This project provides tools for generating synthetic power grid data, processing real power grid measurements, and discriminating between real and simulated scenarios using machine learning.
This code supports a paper accepted at the 11th ACM Cyber-Physical System Security Workshop (CPSS'25). The preprint is available on Arxiv.
Cite this repository as follows:
@inproceedings{donadel2025simprocess,
title={SimProcess: High Fidelity Simulation of Noisy ICS Physical Processes},
author={Donadel, Denis and Crestanello, Gabriele and Morandini, Giulio and Antonioli, Daniele and Conti, Mauro and Merro, Massimo},
booktitle={Proceedings of the 11th ACM Cyber-Physical System Security Workshop},
pages={1--12},
year={2025},
organization={ACM Press}
}
SimProcess is a comprehensive framework designed to work with power grid data from both simulated and real sources.
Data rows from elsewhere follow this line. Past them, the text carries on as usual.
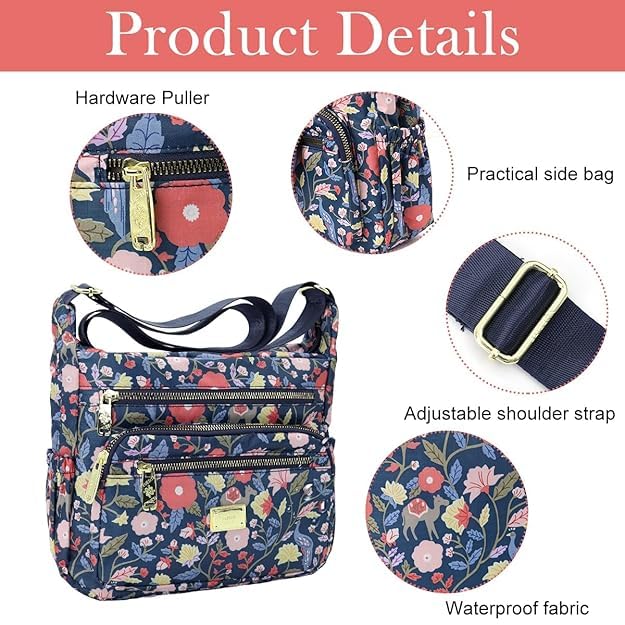 Image of Women Sling-body Bag Waterproof Nylon Multi-layer Sling Bag Casual Satchel Bag Shoulder Bag Messenger Bag Travel Sling-body Bag Day Pack Card Holder Black and Silver.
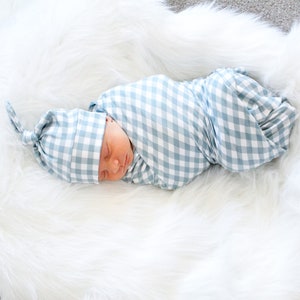 Blue Checkered Baby Swaddle Blanket, Buffalo Check Swaddle, Newborn Swaddle, Boy Baby Blanket, Swaddle Set, Stretchy Knit Swaddle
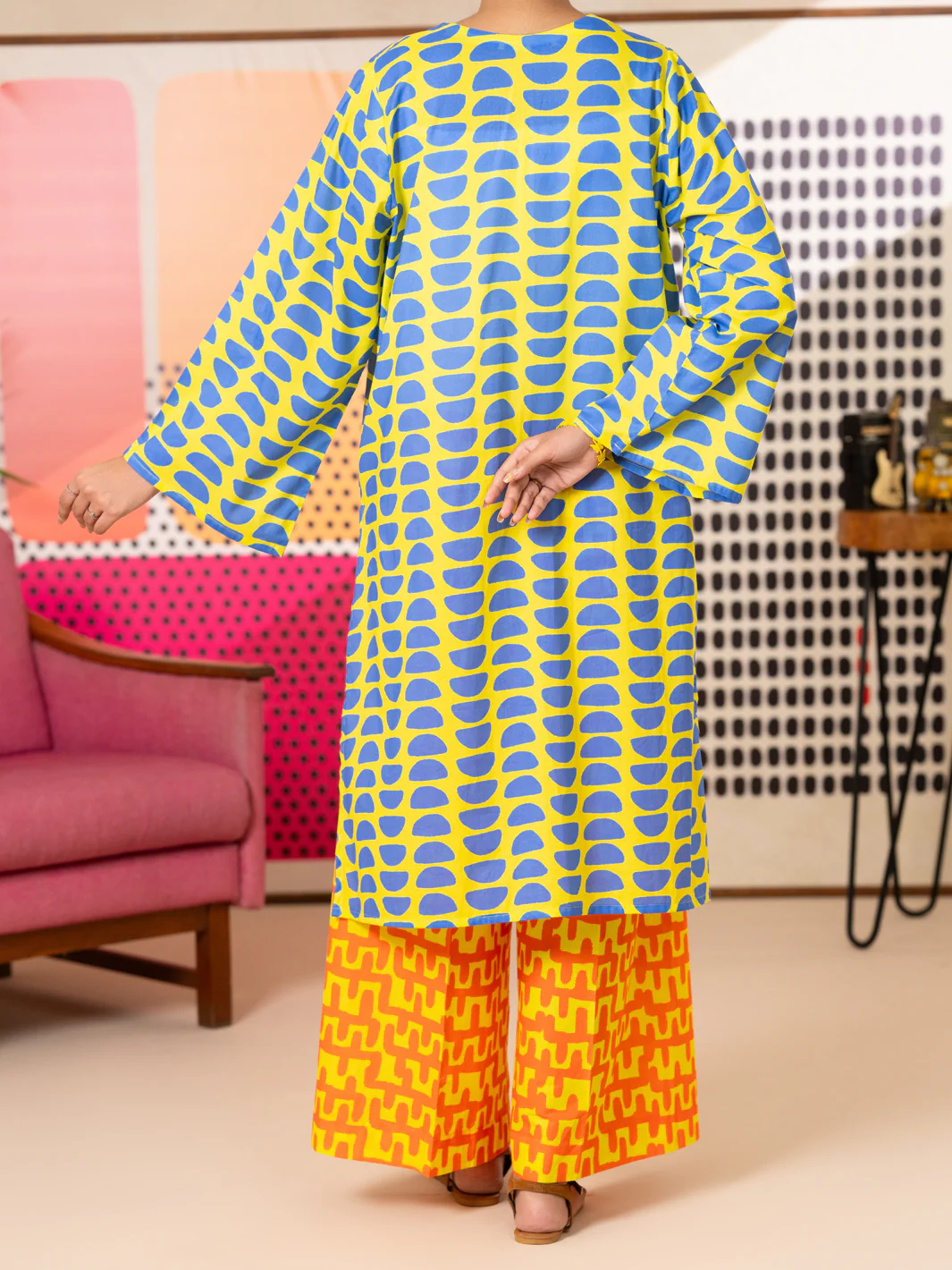 Lime Green Cotton Kurti - ALP-SLK-2810 - Image 3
It enables researchers and engineers to generate synthetic power system data, analyze real-world measurements, and develop models that can distinguish between authentic and synthetic signals.
The repository is organized into three main components:
The core analysis framework that processes power system data and classifies signals as real or simulated:
- simprocess: Core library with feature extraction, machine learning, and analysis capabilities
- tools: Utility scripts for data handling
- main.py: Primary entry point for the SimProcess framework
- workflow_example.py: Example script showing a complete analysis pipeline
This directory contains different implementations of power grid simulators:
- Mosaik: Generator based on the Mosaik co-simulation framework
- Pandapower: Generator based on the Pandapower network calculation framework
- VariationalRecurrentNeuralNetwork: VRAE-based generator for power system data
Tools for working with the Electric Power and Intelligent Control (EPIC) dataset:
- preprocessor.py: Utility for transforming EPIC dataset measurements to the standardized format used by SimProcess
- Additional support files for EPIC data integration
- Synthetic Data Generation: Multiple approaches to generate realistic power grid data with configurable noise profiles
- Multi-level Noise Modeling: Support for layered noise types including Gaussian, uniform, Laplace, impulse, and more
- Feature Extraction: Statistical feature extraction from time series data
- Machine Learning Classification: Models to discriminate between real and simulated signals
- Visualization Tools: Comprehensive plotting and analysis utilities
- Pipeline Integration: End-to-end workflow from data generation/collection to final classification
The framework works with both synthetic and real-world datasets:
- Synthetic Data: Generated using the Mosaik and Pandapower simulators
- Real Data: EPIC dataset from the Singapore University of Technology and Design (SUTD)
The EPIC dataset can be requested from iTrust, Centre for Research in Cyber Security at SUTD: https://itrust.sutd.edu.sg/itrust-labs_datasets/dataset_info/
The repository includes several README files with detailed instructions for each component:
- See Discriminator/README.md for SimProcess analysis framework documentation
- See Generators/Mosaik/README.md and Generators/Pandapower/README.md for data generation tools
- See EPIC/README.md for information on processing real-world power grid data
MIT License